The Resource Discovery Exploratory Task Force open forum that was set to occur on Friday, May 2 is being RESCHEDULED for

Wednesday, May 14
Noon to 1:00 pm
Memorial 126

Please move the May 2nd forum in your personal calendars to this new May 14th date.

Much of this forum will be devoted to discussing information received through our online user survey, focus groups, and web site data gathering tests. A more detailed agenda will be forthcoming.

Thanks for your continued support!

Monday, April 7, 2008

Open Forum Recap 04/04

At last Friday's open forum, we showed several innovative tools and initiatives that are just getting started or are not quite scalable to our environment. We asked forum attendees to pay special attention to the features offered by each and to contrast them with the features offered by the commercial products demonstrated at the March open forum.

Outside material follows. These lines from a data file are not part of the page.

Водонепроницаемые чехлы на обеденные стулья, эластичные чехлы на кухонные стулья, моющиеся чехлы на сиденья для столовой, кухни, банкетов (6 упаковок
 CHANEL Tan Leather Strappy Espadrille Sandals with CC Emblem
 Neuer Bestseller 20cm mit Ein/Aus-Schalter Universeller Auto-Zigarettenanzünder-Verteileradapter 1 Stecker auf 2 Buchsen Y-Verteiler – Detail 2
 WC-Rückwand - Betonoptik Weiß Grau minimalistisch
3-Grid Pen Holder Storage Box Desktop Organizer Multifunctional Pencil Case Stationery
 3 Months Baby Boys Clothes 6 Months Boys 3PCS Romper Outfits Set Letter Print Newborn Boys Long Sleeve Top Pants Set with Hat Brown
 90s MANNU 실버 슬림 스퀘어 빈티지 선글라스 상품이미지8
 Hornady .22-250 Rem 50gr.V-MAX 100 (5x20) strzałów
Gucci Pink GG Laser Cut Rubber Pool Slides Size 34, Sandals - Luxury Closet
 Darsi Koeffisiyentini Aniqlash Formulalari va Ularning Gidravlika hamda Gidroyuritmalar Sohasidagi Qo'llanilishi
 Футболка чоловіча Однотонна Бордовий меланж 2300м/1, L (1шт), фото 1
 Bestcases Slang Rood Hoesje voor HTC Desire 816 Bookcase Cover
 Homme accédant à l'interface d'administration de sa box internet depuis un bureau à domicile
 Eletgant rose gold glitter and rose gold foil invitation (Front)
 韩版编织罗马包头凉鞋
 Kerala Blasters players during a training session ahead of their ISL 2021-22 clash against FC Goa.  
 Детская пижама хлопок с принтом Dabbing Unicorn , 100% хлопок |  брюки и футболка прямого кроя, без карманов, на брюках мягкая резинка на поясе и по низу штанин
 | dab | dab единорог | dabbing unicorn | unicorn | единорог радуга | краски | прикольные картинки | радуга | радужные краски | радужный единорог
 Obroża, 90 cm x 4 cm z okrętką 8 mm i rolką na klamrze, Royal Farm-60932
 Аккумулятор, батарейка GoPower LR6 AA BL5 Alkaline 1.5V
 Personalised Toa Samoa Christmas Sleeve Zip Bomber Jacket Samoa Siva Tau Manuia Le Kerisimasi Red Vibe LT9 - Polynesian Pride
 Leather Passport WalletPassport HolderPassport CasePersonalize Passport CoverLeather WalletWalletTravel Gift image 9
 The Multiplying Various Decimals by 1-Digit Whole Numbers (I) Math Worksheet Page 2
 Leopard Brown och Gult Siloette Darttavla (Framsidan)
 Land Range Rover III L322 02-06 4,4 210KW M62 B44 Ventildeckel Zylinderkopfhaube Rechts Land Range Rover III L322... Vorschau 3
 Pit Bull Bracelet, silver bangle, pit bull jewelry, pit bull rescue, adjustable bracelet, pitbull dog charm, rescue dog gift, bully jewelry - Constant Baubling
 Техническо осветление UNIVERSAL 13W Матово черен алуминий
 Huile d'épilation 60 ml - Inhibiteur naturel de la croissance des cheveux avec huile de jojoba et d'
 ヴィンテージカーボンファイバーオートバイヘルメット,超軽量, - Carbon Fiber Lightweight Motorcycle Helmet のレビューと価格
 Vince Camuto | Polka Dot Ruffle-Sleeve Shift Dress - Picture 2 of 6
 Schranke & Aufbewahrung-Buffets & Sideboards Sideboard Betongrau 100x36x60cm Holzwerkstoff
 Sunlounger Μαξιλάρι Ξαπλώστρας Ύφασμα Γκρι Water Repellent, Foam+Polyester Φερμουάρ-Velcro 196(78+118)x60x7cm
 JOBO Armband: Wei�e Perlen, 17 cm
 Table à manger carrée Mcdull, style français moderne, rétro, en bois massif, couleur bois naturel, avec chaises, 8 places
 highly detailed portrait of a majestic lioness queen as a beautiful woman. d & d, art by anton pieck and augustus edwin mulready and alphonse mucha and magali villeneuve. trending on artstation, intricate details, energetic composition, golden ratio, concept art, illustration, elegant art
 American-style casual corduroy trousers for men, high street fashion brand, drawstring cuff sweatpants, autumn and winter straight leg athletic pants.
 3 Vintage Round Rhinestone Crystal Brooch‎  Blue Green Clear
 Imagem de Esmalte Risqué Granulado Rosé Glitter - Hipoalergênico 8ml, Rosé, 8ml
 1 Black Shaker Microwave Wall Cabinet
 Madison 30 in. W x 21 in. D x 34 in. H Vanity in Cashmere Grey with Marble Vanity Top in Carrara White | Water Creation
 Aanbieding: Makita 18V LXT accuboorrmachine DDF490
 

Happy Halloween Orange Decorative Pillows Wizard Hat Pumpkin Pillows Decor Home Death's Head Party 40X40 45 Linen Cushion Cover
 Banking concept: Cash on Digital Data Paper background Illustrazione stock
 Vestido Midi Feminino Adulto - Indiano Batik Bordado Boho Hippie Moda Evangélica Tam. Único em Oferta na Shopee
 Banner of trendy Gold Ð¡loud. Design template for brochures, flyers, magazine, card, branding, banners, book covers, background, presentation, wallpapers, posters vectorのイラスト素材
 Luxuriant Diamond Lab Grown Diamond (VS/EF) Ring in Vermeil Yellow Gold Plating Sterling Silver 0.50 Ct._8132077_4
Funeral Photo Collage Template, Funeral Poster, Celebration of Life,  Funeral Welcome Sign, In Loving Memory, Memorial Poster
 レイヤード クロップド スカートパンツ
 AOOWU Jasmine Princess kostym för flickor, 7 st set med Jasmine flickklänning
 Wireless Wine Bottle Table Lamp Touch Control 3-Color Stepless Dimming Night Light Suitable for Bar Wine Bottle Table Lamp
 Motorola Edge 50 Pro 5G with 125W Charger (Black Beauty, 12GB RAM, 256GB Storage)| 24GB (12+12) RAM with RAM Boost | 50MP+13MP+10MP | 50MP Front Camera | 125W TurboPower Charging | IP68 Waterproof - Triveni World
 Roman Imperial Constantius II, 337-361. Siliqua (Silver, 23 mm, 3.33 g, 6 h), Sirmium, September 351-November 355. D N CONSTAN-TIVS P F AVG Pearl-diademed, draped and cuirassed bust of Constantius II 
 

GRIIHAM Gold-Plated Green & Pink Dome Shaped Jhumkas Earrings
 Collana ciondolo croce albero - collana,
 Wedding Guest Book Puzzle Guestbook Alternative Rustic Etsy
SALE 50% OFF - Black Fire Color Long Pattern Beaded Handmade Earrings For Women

We began the by asking the following question: "Describe the best web-based service you've experienced. What made it excellent? What distinguished it from the crowd?" Leave a comment describing the best web-based service you've received. I'll post about the responses from the forum crowd a little later.

Next, Sue Dentinger demoed University of Virginia's Project Blacklight. Blacklight is a prototype of a faceted discovery tool for catalog data and beyond. So far, they have indexed 3.7 million MARC records, a 500 text object subset from their digital collections repository, and 320 Tang Dynasty Chinese poems. Blacklight, like VuFind, is based on Solr/Lucene.

Our second demonstration, presented by Allan Barclay, was LibraryThing for Libraries. LibraryThing for Libraries enriches the catalog by drawing on content contributed by the collective intelligence of LibraryThing members. LibraryThing for Libraries adds book recommendations, tag clouds, and links to other editions and translations of a work to the OPAC. Allan showed us LibraryThing for Libraries implementations at the Danbury Public Library and San Francisco State University.

Albert Quattrucci showed us Scriblio, an open source OPAC based on WordPress, a blog publishing platform. Scriblio includes several innovative features, like Google Book Search integration and a "text this to your cellphone" option. Albert showed us Plymouth State University's implementation of Scriblio.

Finally, I showed the demo version of the Open Library. The Open Library is an open source project of the Internet Archive and is financially supported by Brewster Kahle. Aaron Swartz, who co-authored RSS when he was 14 years old, is the project's leader. The goal of the Open Library is to create at least one wiki-like Web page for every book ever published. The Open Library will be truly free to the people in that everyone will have the ability to create, catalog, and contribute content.

The forum ended with a brief discussion of the scope of resource discovery. How can we make other UW-Madison collections, like museum holdings and departmental resources, more findable and accessible?

Monday, March 31, 2008

Generic View from Nowhere

I stumbled upon this article written by Andrew Abbott of the University of Chicago at Library Juice. So, as is my wont, I will share some of the passages that resonated with me. Again this isn't an exhaustive critique of the paper, just some of the passages that struck me as important to the Resource Discovery Task Force. Note that Abbott speaks only of humanist and social science researchers not scientific researchers. Quotes from the paper are italicized.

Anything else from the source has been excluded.